A proper starting point is a brief review of the Taiwan Relations Act (TRA). The TRA highlights the U.S. expectation that Taiwan’s future will be determined by peaceful means, considers non-peaceful solutions a challenge to regional peace and security, provides the basis for U.S. provision of arms of defensive character, and the need to maintain the capacity of the United States to resist any resort to force or other forms of coercion that jeopardize the security, or social or economic system of Taiwan.
At the same time, healthy and constructive relations between the United States and People’s Republic of China (PRC) are important and founded upon understandings outlined in the three Joint Communiqués. An important yet often overlooked aspect of these understandings is an assumption of Beijing’s commitment to a peaceful approach to resolving its political differences with Taiwan. However, fundamental differences exist over what constitutes a peaceful approach. Beijing views its military posture as ensuring a peaceful approach in part by deterring what it perceives as moves on Taiwan toward de jure independence. However, successive U.S. administrations have defined a peaceful approach in terms of the nature of the PRC military posture arrayed against toward Taiwan. As a result, U.S. sales of defense articles and services in accordance with the TRA are driven by the nature of the military challenge that the PRC poses to Taiwan.
In addition, it is worth noting up front that the military dimension of cross-Strait relations is only one aspect of a broader dynamic that contains elements of both cooperation and competition.
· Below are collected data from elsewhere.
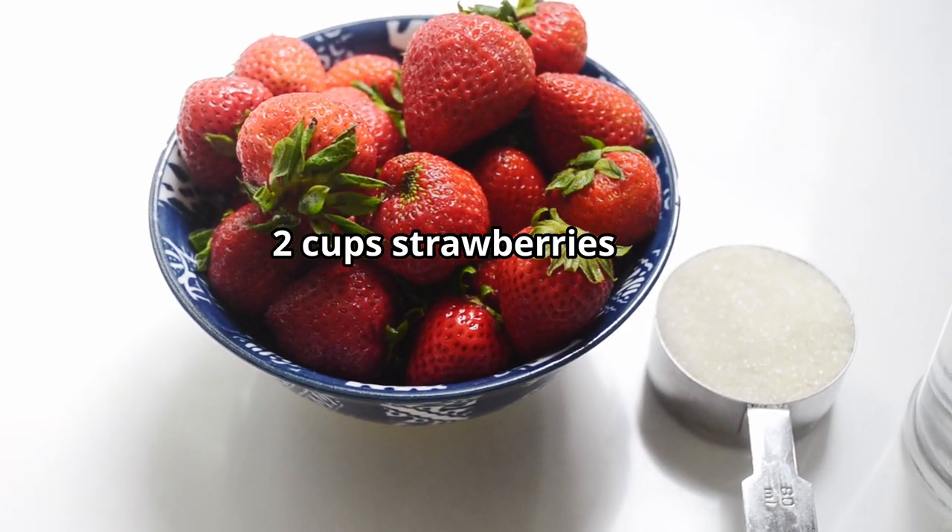Two cups of strawberries. You can use either fresh or frozen strawberries. This would be a great recipe to make during peak strawberry season, but it can also be made in the dead of winter since you can use frozen strawberries. Keep in mind that fresh fruit will cook up quicker, of course.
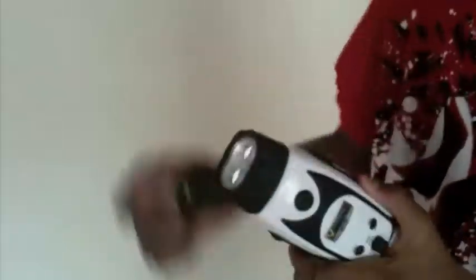First off, this is how you get it to work. Pull out the cranker and start cranking the power — this baby takes a lot of juice. And then once you crank it, you press the power button. See, the power's on now.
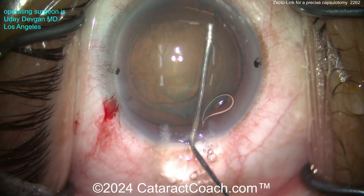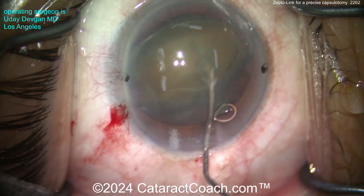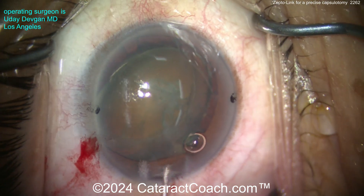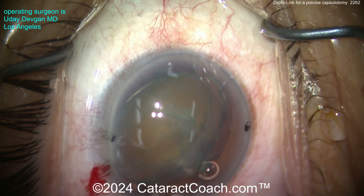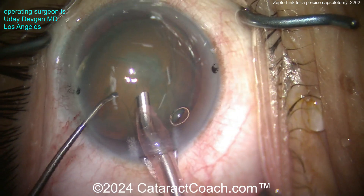I'm going to prolapse the lens out of the bag. The capsulotomy is strong — much stronger than what you'd get from a femtosecond laser, so in that sense it's better than a femtosecond laser. Now we're going to go inside. You can see the nucleus is tilted up out of the capsular bag — phaco probe and chopper on the other hand.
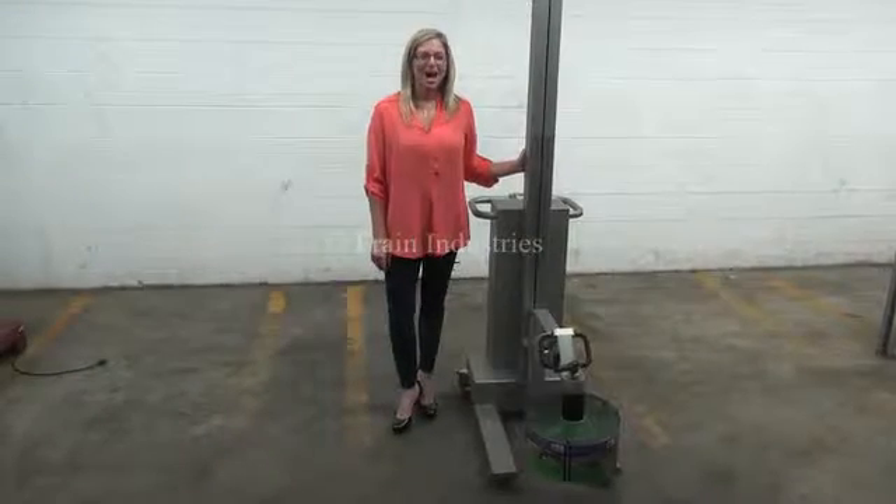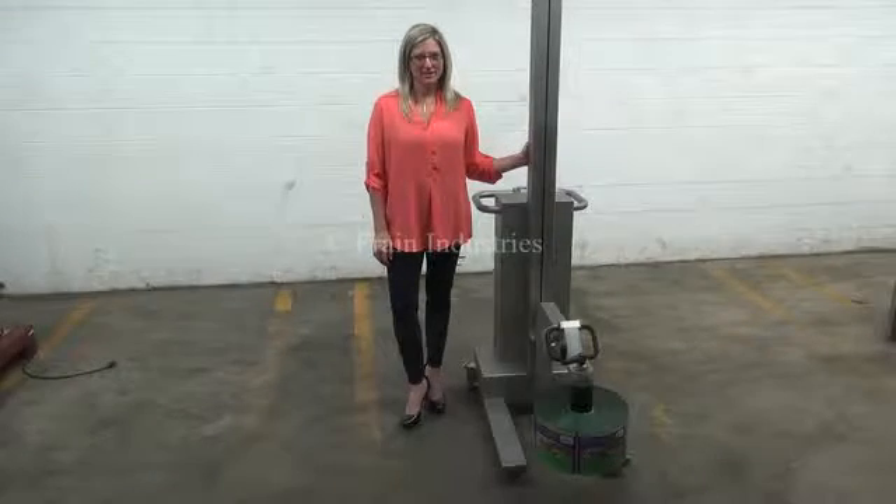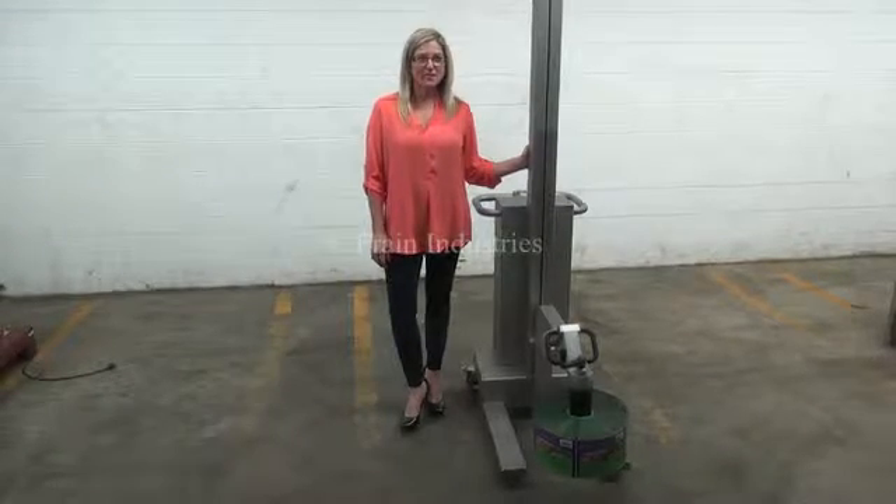Hi, I'm Katie with The Frame Group. Today we're cycling your Koch film manipulator. The battery charges on single phase 120 volts.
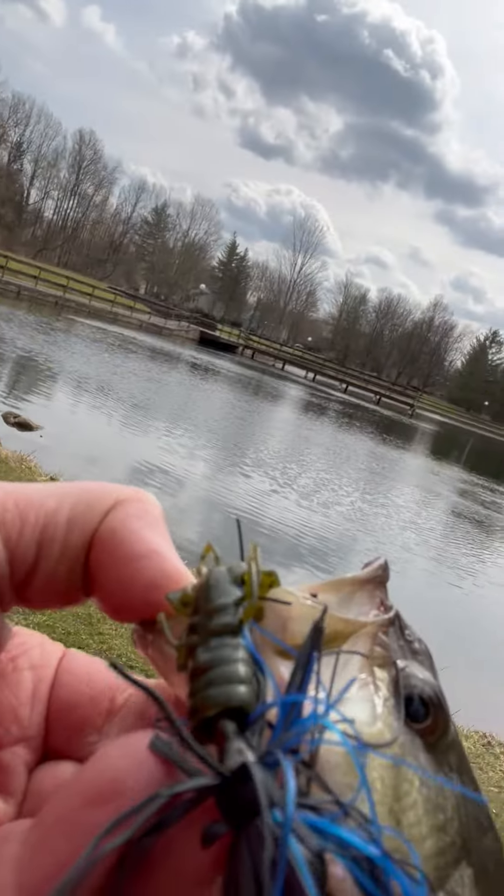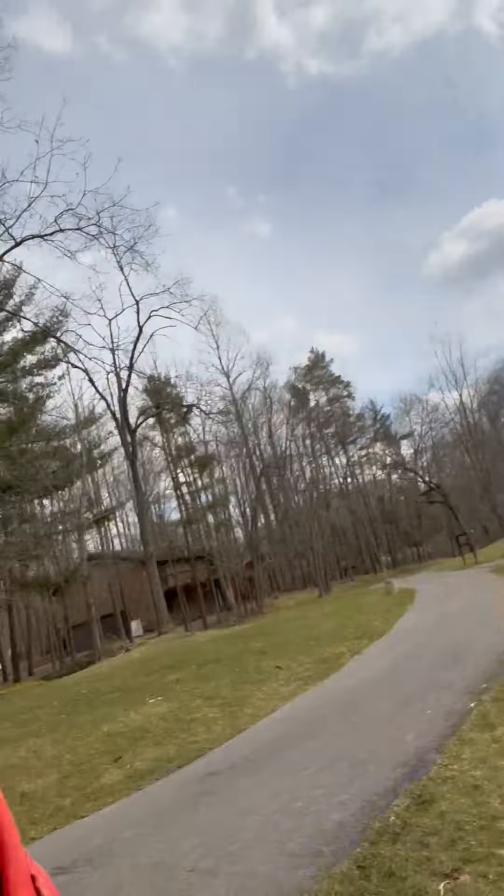So what I did was trim out the weed guard on this jig and put on a slightly smaller trailer, because these fish are relatively small and the water is still cold — upper 30s, maybe 40 degrees tops. I went to the smaller trailer and started swimming it, and they just don't want it slow — it's got to be moving fast.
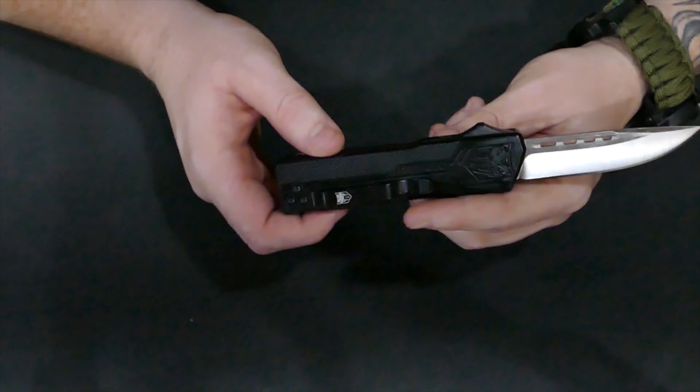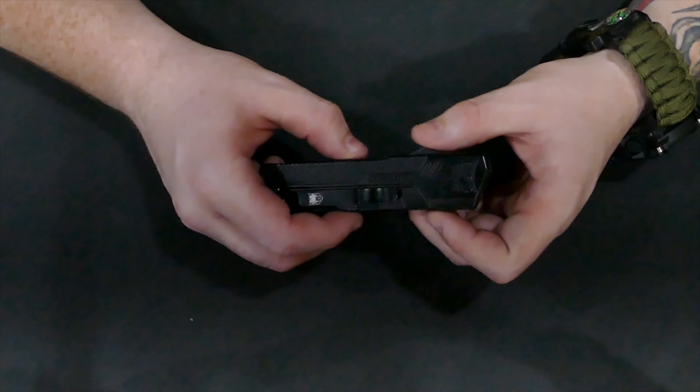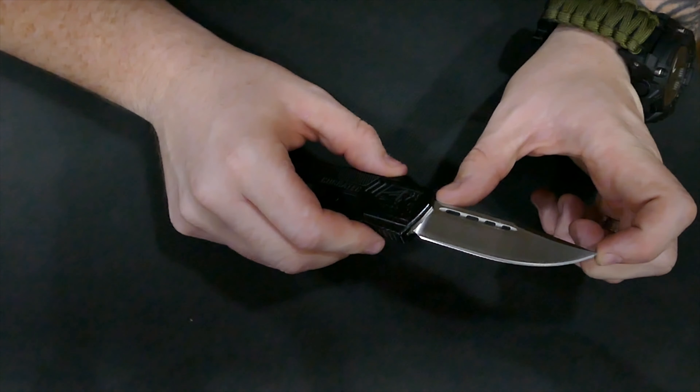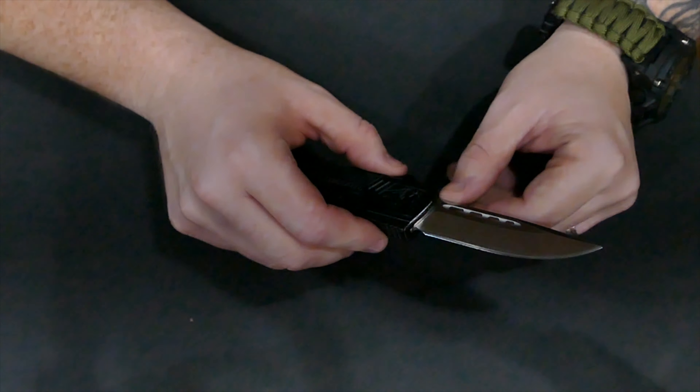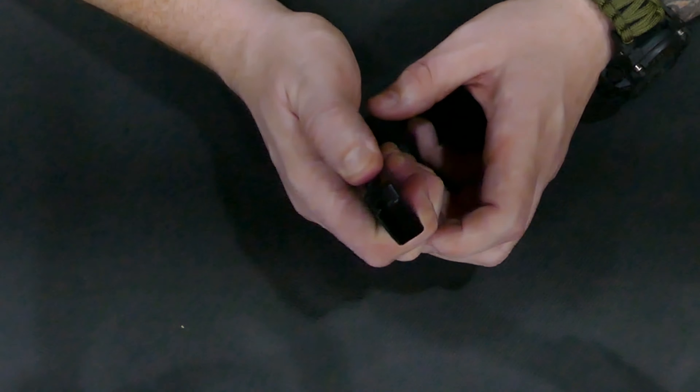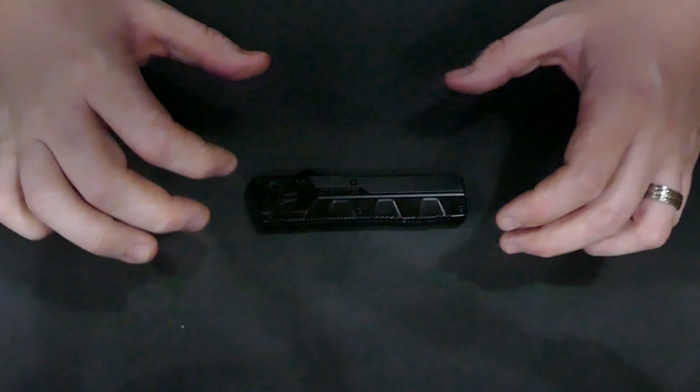Three and a quarter inch D2 steel blade. Four and a half inch high-grade aluminum handle. Overall length, seven and three quarter total. And if that doesn't interest you, it has a lifetime warranty.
Subsequent panels today will address growing economic interdependencies. Despite unfavorable odds, Taiwan has not only flourished but has played a central yet often unacknowledged role in a gradual liberalization of the PRC since initiation of its far-reaching economic reforms. Over the past 25 years, Taiwan has become a hidden yet major factor behind China's economic reforms and rapid export-driven growth that has been essential for domestic stability, modernization, and potential gradual political liberalization. These reforms, facilitated by a massive infusion of capital and expertise from Taiwan, have increased the population’s standard of living, literacy, and relative level of personal freedom.
Economic interdependence has the dual effect of discouraging moves that challenge fundamental PRC interests with regards to perceived moves toward de jure independence on the one hand, while furthering the peaceful transformation of China on the other. As economic ties have grown, Beijing appears to be softening its approach to dealing with Taiwan while at the same time continuing to advance its ability to exercise military force. Paradoxically, despite the PRC’s ability to impose its will upon Taiwan through military means, the costs of doing so are rising at an exponential rate. Non-military factors, such as growing economic interdependence, may increasingly dampen moves on either side of the Taiwan Strait to adopt policies that challenge fundamental interests of the other.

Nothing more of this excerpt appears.